Qu'est ce qui vous a poussé à écrire cette biographie non officielle ?

Hanna Agostini : Quand on a travaillé pendant 8 ans avec quelqu'un qui se présente comme un chevalier blanc, comme le défenseur du consommateur, qu'on a soi-même adhéré à cette démarche et qu'on y a cru, et que l'on s'aperçoit qu'il y a un décalage entre son éthique affichée et la réalité, on se dit qu'il faut rétablir les choses. D'où ce livre, qui est le fruit d'une réflexion mûrie par plusieurs années d'expérience au cœur du monde viticole.

 

Comment avez-vous rencontré Robert Parker ?

J'ai rencontré Robert Parker en 1994-1995, quand il a demandé à mon époux qui est avocat de le défendre dans l'affaire Faiveley.

 

Avez-vous apprécié de travailler avec cet homme ?

Ce fût une expérience passionnante. Dire le contraire serait faux et injuste. Cela étant, pendant notre collaboration, j'ai été celle sur laquelle de nombreuses personnes n'osant s'attaquer au grand homme ont jugé bon de se défouler. Mais c'est la règle du jeu, je suppose.

 

Qu'avez-vous appris en travaillant avec Robert Parker ?

Paradoxalement, j'ai appris l'importance de l'information vraie qui est due au consommateur, et surtout qu'il fallait se montrer toujours plus exigeant dans ce domaine.

 

J'ai lu que vous étiez juriste, êtes-vous également œnologue ?

Non pas du tout, mais j'ai appris le vin "sur le tas". En fait, j'ai la passion du vin.

 

Quel est votre métier aujourd'hui ? Ecrivain, juriste ?

Les deux - et je traduis aussi des ouvrages.

 

 
Photo © Cécile Genest / L'Internaute Magazine
 
"Pour certaines personnes, Parker est un tabou et il ne faut pas en parler"

Qu'attendez-vous comme réaction à la sortie de votre livre ?

J'ai déjà eu des réactions, entre autres un procès - que j'ai gagné. J'ai également eu la (bonne surprise) de recevoir des encouragements de nombreuses personnes qui pensent qu'il était temps que certaines choses - aussi bien positives que négatives, fussent dites. Et bien sûr, il y a ceux qui dénigrent l'ouvrage sans même l'avoir lu.

 

Ne craignez-vous pas d'être "grillée" dans le métier ?

Quand on prend le parti de dire les choses, on s'expose forcément.
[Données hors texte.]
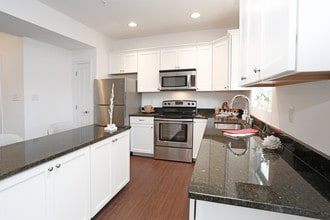 Highland Village in Pittsburgh, PA - Building Photo - Interior Photo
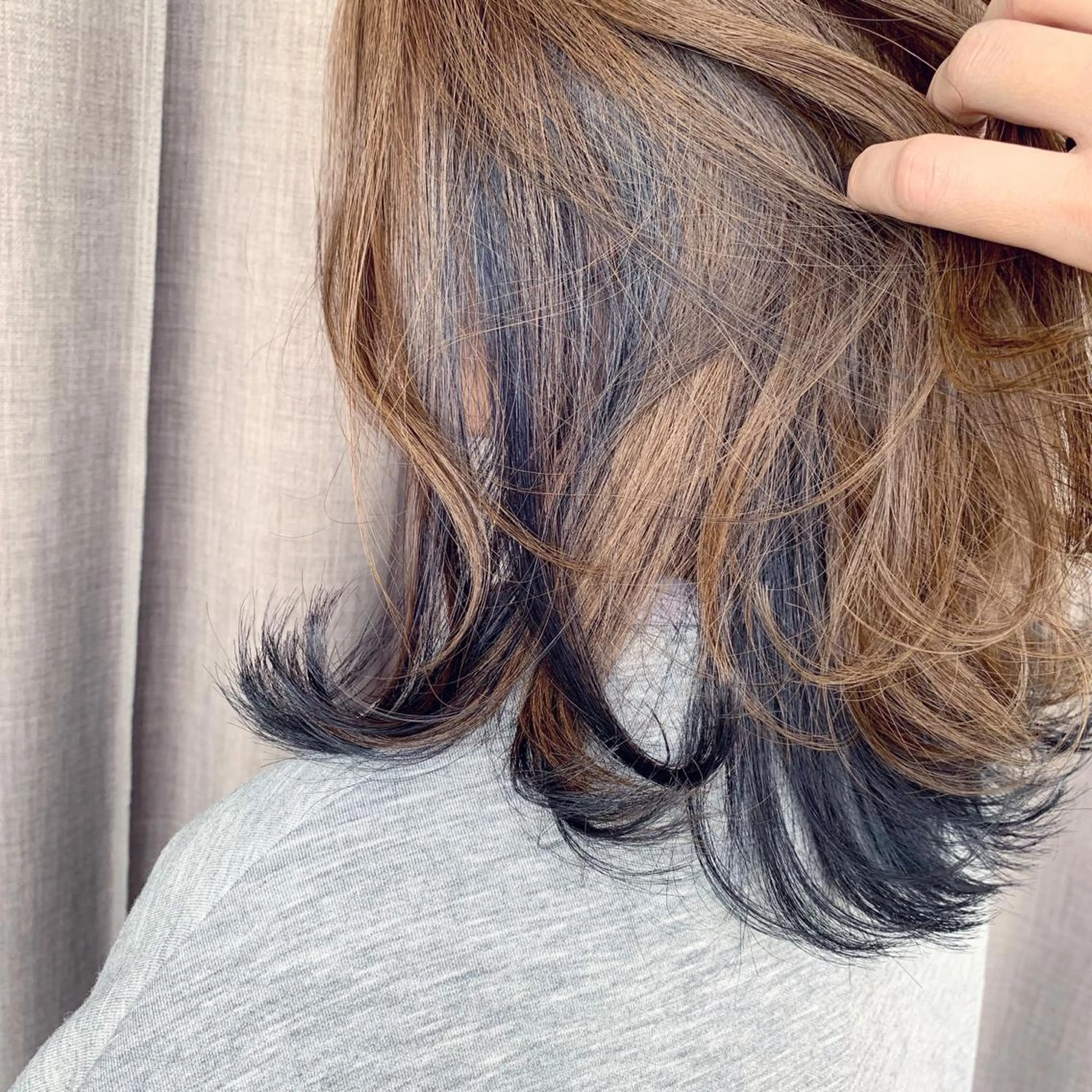 ミディアム etore 矢場町 南沙希のヘアスタイル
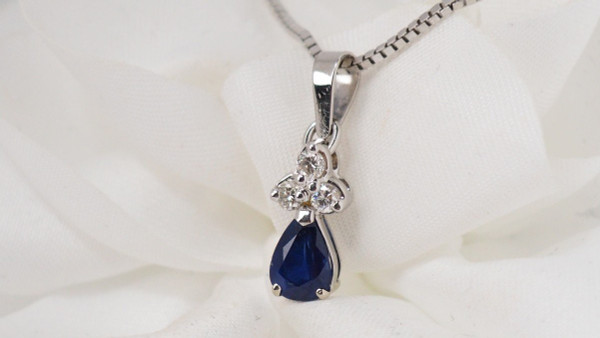 Halskette mit Anhänger aus Weißgold, Saphir und Diamanten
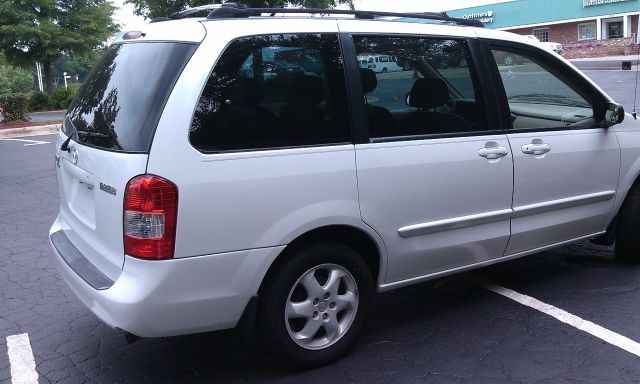 2001 Mazda MPV LW2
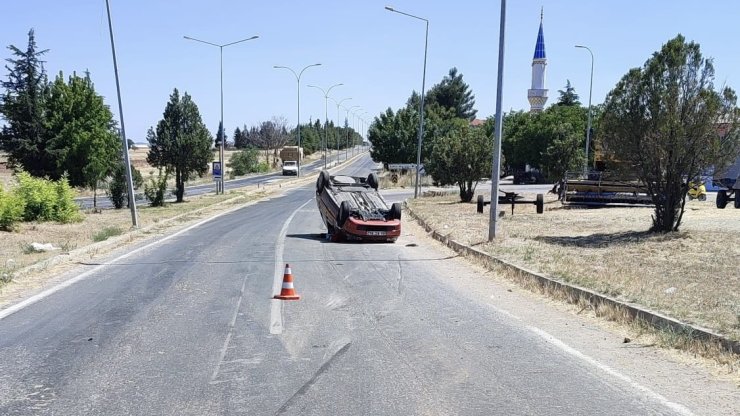 Uşak’ta trafik kazası: 3 yaralı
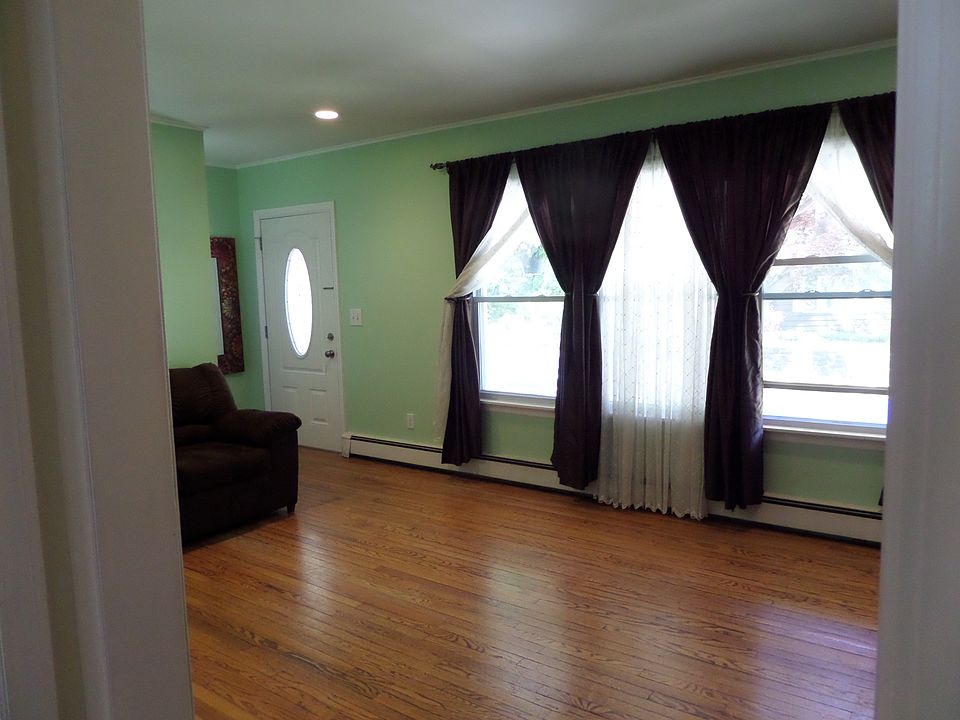 1st image of 229 Henry St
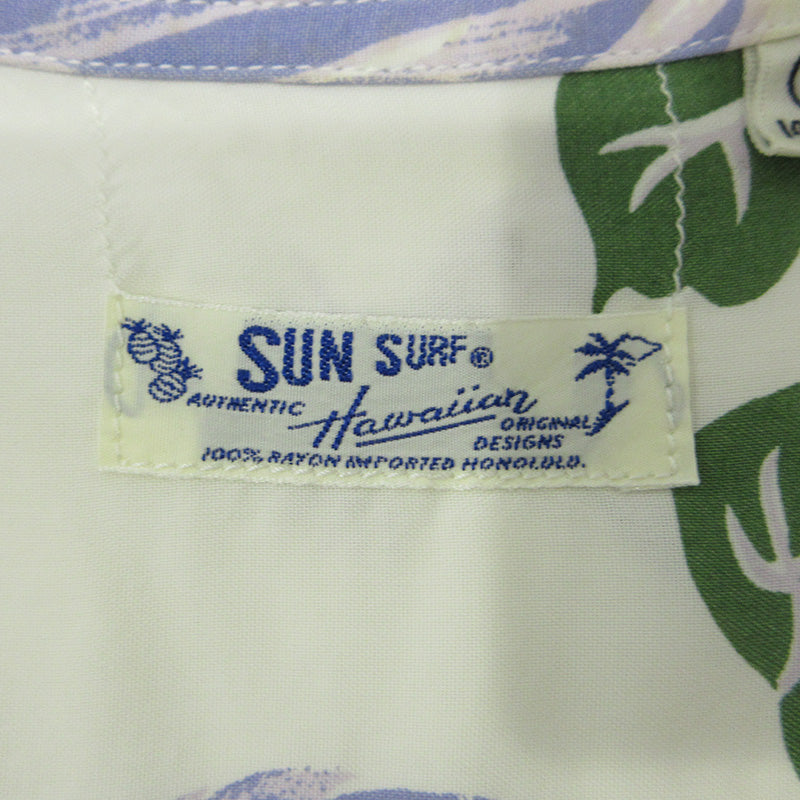 SUN SURF | サンサーフ PIKAKE ピカケ ハワイアンシャツ アロハシャツ 総柄半袖シャツ 孔雀 鳥 東洋エンタープライズ その他トップス SS34452 ホワイト マルチカラー サイズ：S【三重本店】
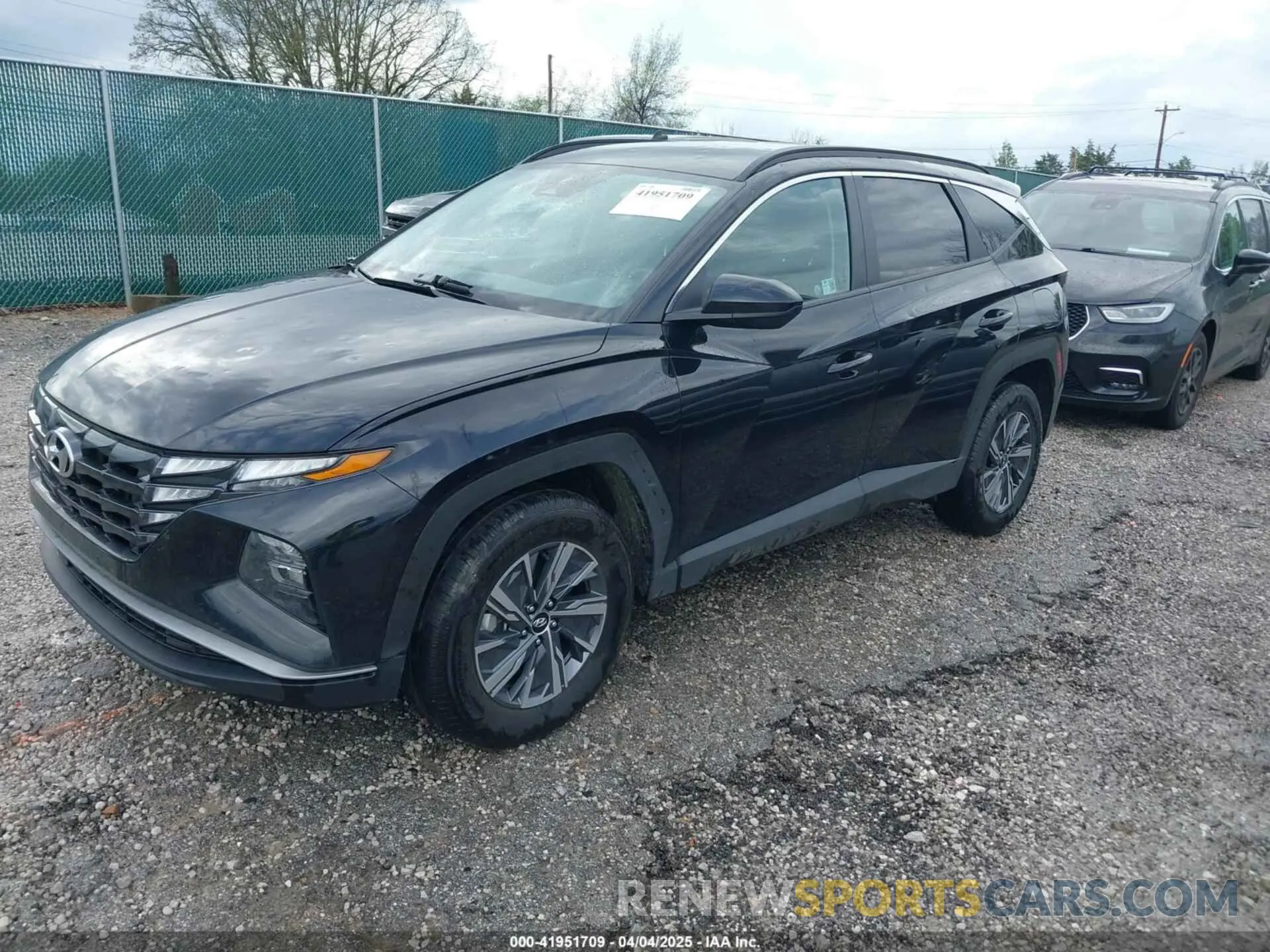 2 Photograph of a damaged car KM8JBCD10RU155653 HYUNDAI TUCSON HYBRID 2024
Après c'est une question de rigueur intellectuelle : est-ce mieux de se taire, ce qui est une forme de lâcheté, ou de dire ce qui doit l'être, au risque de déranger. J'espère seulement qu'il y aura des gens qui prendront ce livre pour ce qu'il est : c'est-à-dire un exposé documenté et étayé, qui ne fait que mettre l'accent sur ce qui se sait déjà.

 

Avez-vous eu des doutes avant la publication ?

Bien sûr. Pendant que j'écrivais cet ouvrage, j'ai côtoyé deux catégories de personnes : les unes pour lesquelles Parker était un tabou - il ne fallait donc pas en parler, pas y toucher. D'autres qui pensaient qu'il fallait que soit publié un tel témoignage. Juste avant la parution du livre, je me suis longuement interrogée sur la portée de mon engagement.

 

Savez-vous comment votre livre est reçu dans le monde du vin ?

C'est toujours la même chose : il y a de nombreuses personnes dans le monde du vin qui m'ont dit qu'elles étaient ravies de voir paraître ce livre, mais elles sont aussi très soucieuses de leur anonymat... J'ai aussi lu et l'on m'a rapporté que certains avaient clairement dénigré l'ouvrage - bien que ne l'ayant pas lu.

 

Est-ce difficile pour une femme de s'imposer dans le monde du vin, est-ce un milieu "macho" ?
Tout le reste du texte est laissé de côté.